Santé

L’impact « effrayant » des repas rapides sur les cerveaux des adolescents


Une étude menée par des chercheurs de l’Université de Californie du Sud met en lumière les conséquences durables du régime alimentaire riche en matières grasses et en sucres pendant l’adolescence.

Les chercheurs, selon le site Medical Xpress, ont souligné la possibilité d’une altération de la mémoire à long terme due à de mauvais choix alimentaires pendant les périodes de croissance cruciales.

L’étude, dirigée par Scott Kanoski et l’auteure principale Anna Hayes, vise à explorer la relation entre le régime alimentaire et la fonction de la mémoire, en se concentrant particulièrement sur le neurotransmetteur acétylcholine, un neurotransmetteur vital pour la mémoire et les processus cognitifs.

Des recherches antérieures ont établi un lien entre un régime alimentaire malsain et des conditions telles que la maladie d’Alzheimer, caractérisée par une diminution des niveaux d’acétylcholine dans le cerveau.

Cela a incité les chercheurs à examiner l’impact du régime alimentaire riche en matières grasses et en sucres sur les niveaux d’acétylcholine et les performances ultérieures de la mémoire, en particulier pendant la période critique de l’adolescence, lorsque le cerveau subit une grande évolution.

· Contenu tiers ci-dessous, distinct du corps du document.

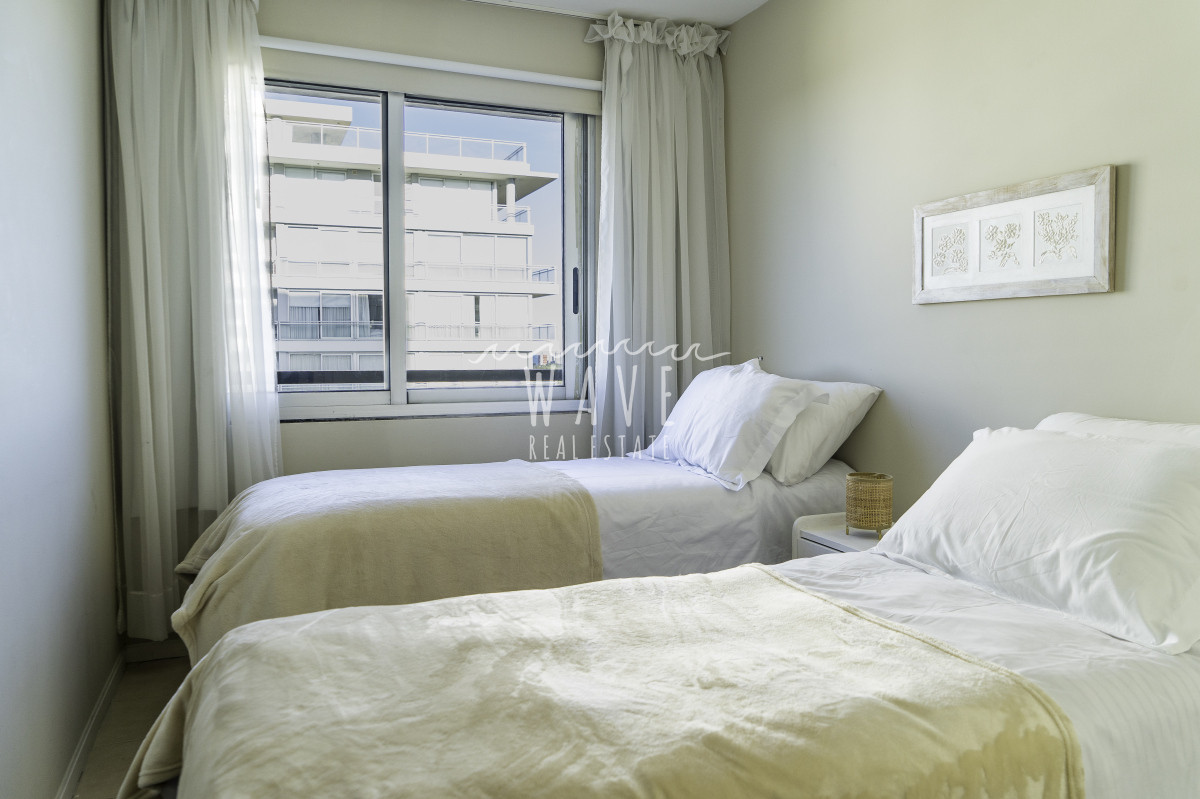 Apartamento ID.4986 - Alquiler de Verano, Apartamento de 3 dormitorios en Punta del Este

L’auteure principale, Hayes, a expliqué que « les signaux de l’acétylcholine sont un mécanisme qui les aide à encoder ces événements et à s’en souvenir, similaire à la « mémoire de travail » chez les humains qui nous permet de nous rappeler des événements de notre passé ».

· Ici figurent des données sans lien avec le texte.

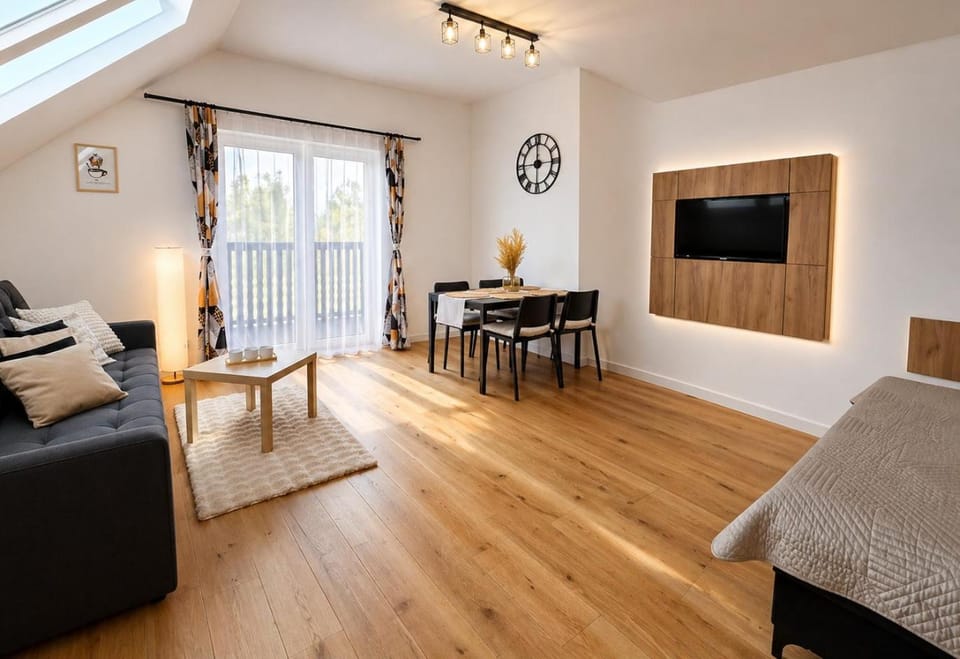 Communal lounge/ TV room, Bed, TV and multimedia, Living room, Photo of the whole room, Seating area, Dining area, Bedroom, Mountain view, River view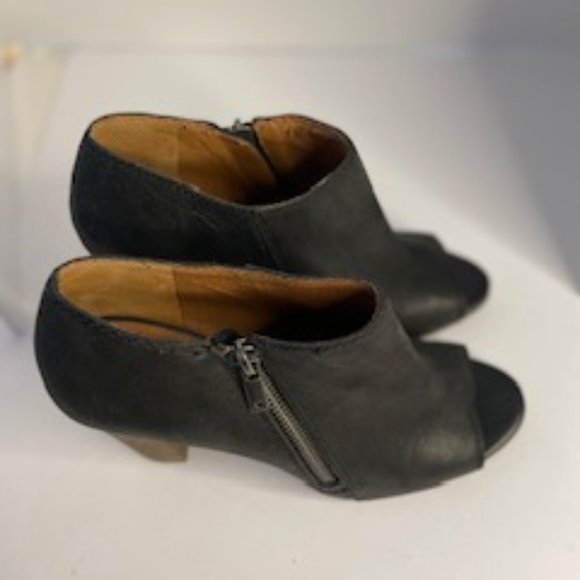 Lucky Brand Pabla Open Toe Side Zip Black Leather Ankle Bootie Size 7 - Picture 3 of 12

Les résultats de l’étude soulignent l’exposition du cerveau adolescent aux influences alimentaires et les conséquences potentielles à long terme sur les capacités cognitives ultérieures.

Kanoski a souligné la nature critique de l’adolescence dans le développement cérébral, notant que « malheureusement, certaines choses qui pourraient être facilement inversées pendant la puberté sont moins réversibles lorsqu’elles se produisent pendant l’enfance ». Cependant, il y a de l’espoir d’intervention, comme le montrent les tours ultérieures de l’étude où une partie de l’affaiblissement de la mémoire a été partiellement inversée en utilisant des médicaments qui stimulent la libération de acétylcholine.

Alors que les résultats de cette étude résonnent dans les milieux scientifiques, ils servent de rappel de l’impact profond que les choix alimentaires peuvent avoir sur la santé cérébrale et la fonction cognitive, en particulier pendant les périodes de croissance cruciales, ainsi que le chemin vers des études futures visant à comprendre et à atténuer les conséquences à long terme des mauvaises habitudes alimentaires sur les fonctions cérébrales des adolescents.